Of course, that means you actually have to file things.

I remember sitting in the middle of my office floor, child entertained by his grandmother and great-grandmother in the living room,[2] and in my lap, my hands, scattered around me on the floor were things that, if my grasp of my own history was correct, shouldn’t have existed: a long, long re-telling of Cinderella from 1995; an attempt to re-write a story I’d done as a freshman in college, dated 2005.  About 80 pages of a young adult novel, three first drafts of some inter-related short stories, another 20-30 pages of a fantasy novel,[3] some poetry–all of it from those years when I honestly thought I hadn’t been writing.  None of it was finished, mind you, but all of it was written.  By me.[4]

So I think the reason I write is because, apparently, I’m not particularly good at not writing.

As for, like, philosophical reasons–I used to write because I wanted to be a voice of a generation,[5] or because Art, or to make people’s lives better, or to prove myself to people …

I can pinpoint the moment when I started writing with one ear toward what someone else thought I (actually our entire workshop) should write.  This mostly came out in huge amounts of defensiveness–I was writing X, but it was literary X!  I would change the face of X genre forever![6]

I can also pinpoint the moment when I decided to just fuck off and write the things that were fun. [7] (Fun that tries to kill me, occasionally, but fun.)  The fun things make my brain feel good.  The fun things have worlds I like to spend time in. The fun things tend to involve my thinking, I wonder if I could pull that off? and then, you know, seeing if I can. And the fun things have been, for the most part, better-written.

I knew something was up when Jason told me how much he liked this new, weird turn I’d taken.  I really knew I was onto something when the husband started asking me if he could read my drafts. [8]  And while I’m not wildly successful,[9] I started selling things when I started writing the fun stuff.[10]
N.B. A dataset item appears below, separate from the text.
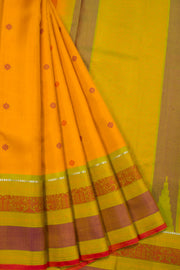 Yellow Handloom Threadwork Kanjivaram Silk Saree 10069269 - Avishya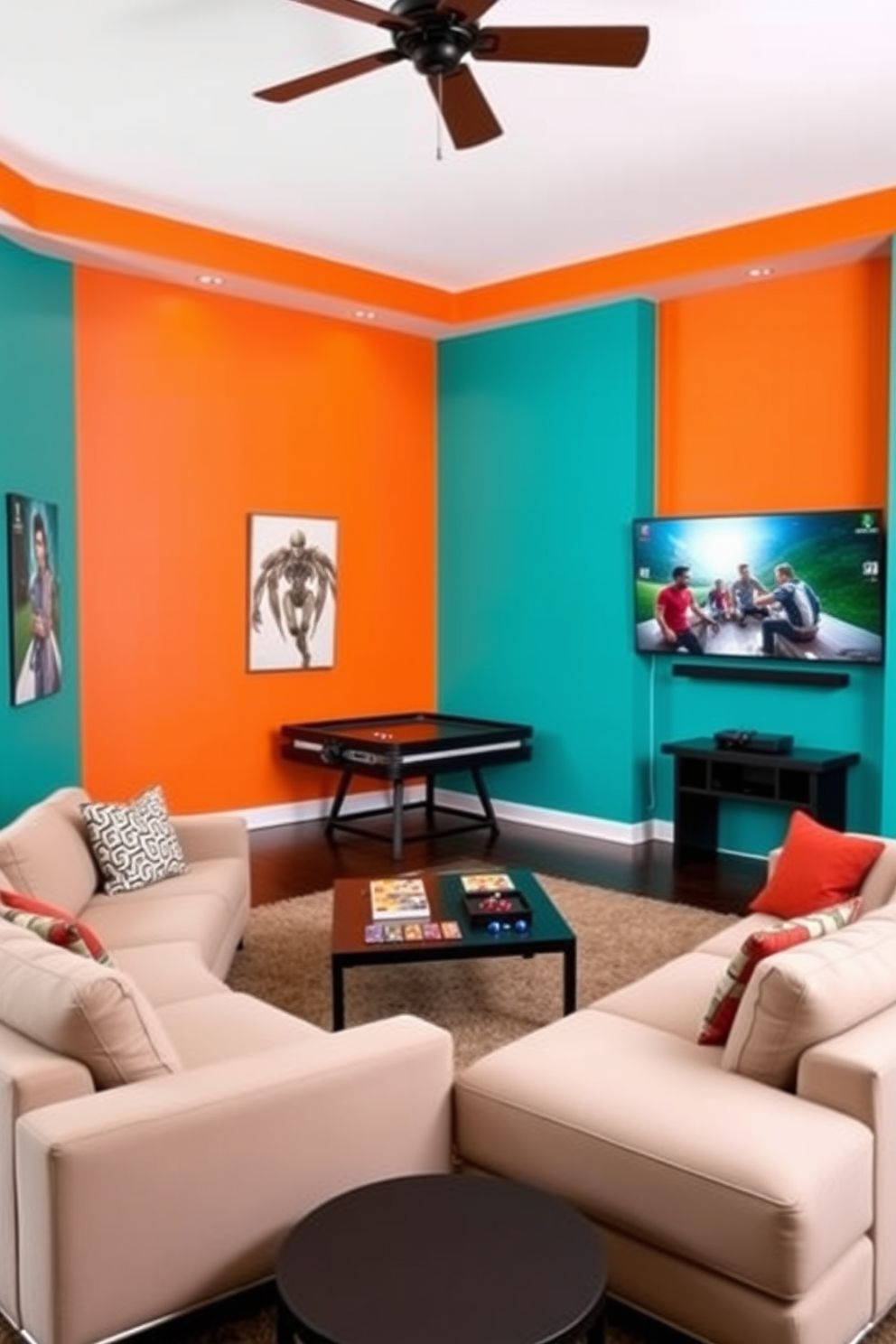 A vibrant game room filled with dynamic wall colors that energize the space. The walls are painted in bold shades of teal and orange, creating an inviting atmosphere for fun and entertainment. In the center of the room, a large sectional sofa in a neutral tone complements the colorful walls. A sleek coffee table holds board games, and a wall-mounted screen showcases the latest gaming technology.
So I think, then, that I write what I write because I like it, and it’s fun.[11] And, really, if I’m going to do it anyway–since apparently I can’t not–and if I can’t control the vagaries of publishing, I may as well entertain myself.[12]


1 [back]Fast-forward to 2007, when the flip side of that happened and I thought that three months into parenting was the perfect time to start a novel.

2 [back]Yeah, they said they were going to help me sort papers. Right.

3 [back]The concept of which I still really think is cool, might I just say.

4 [back]This is why I started dating whatever I wrote in my notebooks, and why I track word counts mark the days that I write in a calendar–because I need to remember that I am, actually, writing, and writing consistently.

5 [back]I’ve mentioned my college-era pretension before, yes?

6 [back]I have lost a lot of writing time over the years to a variety of things; trying to simultaneously write what I wanted to while making it “respectable” was exhausting, as was the defensiveness, and I really wish I could get that time back.

7 [back]See footnote 1, interestingly.

8 [back]Until then he was very, “It’s good, but it’s not my thing.”

9 [back]Yet, says the Scott-voice

10 [back]I also realize that there’s a certain irony in the people around me really liking my work, and that telling me something, once I decided not to write based on what people might like.

11 [back]Even the angst.  I revel in the angst.  And also the parts where the story tries to kill me.  Like this week!  Goddammit.

12 [back]And Jason and Scott.

Published by Laura E. Price

I read (you can check out my Goodreads if you want; it's linked on my blog). I write (I’ve been published in Cicada, On Spec, Strange Horizons, Beneath Ceaseless Skies, Betwixt, Metaphorosis, Gallery of Curiosities, The Cassandra Project; the stuff that’s available online is linked on my blog). I plan for the inevitable zombie apocalypse and welcome the coming of the gorilla revolution. Or the anarchist rabbits. Whichever happens first. (I also blame my husband for basically everything.)

4 thoughts on “Why I Write (or, I May Have a Footnote Problem)

  1. Ok, I had a draft I was working on for the same contest that used endnotes the same way you did! I can’t submit that now!

    He shakes his fists in anger at you, starkly contrasting the laughter spewing from his mouth.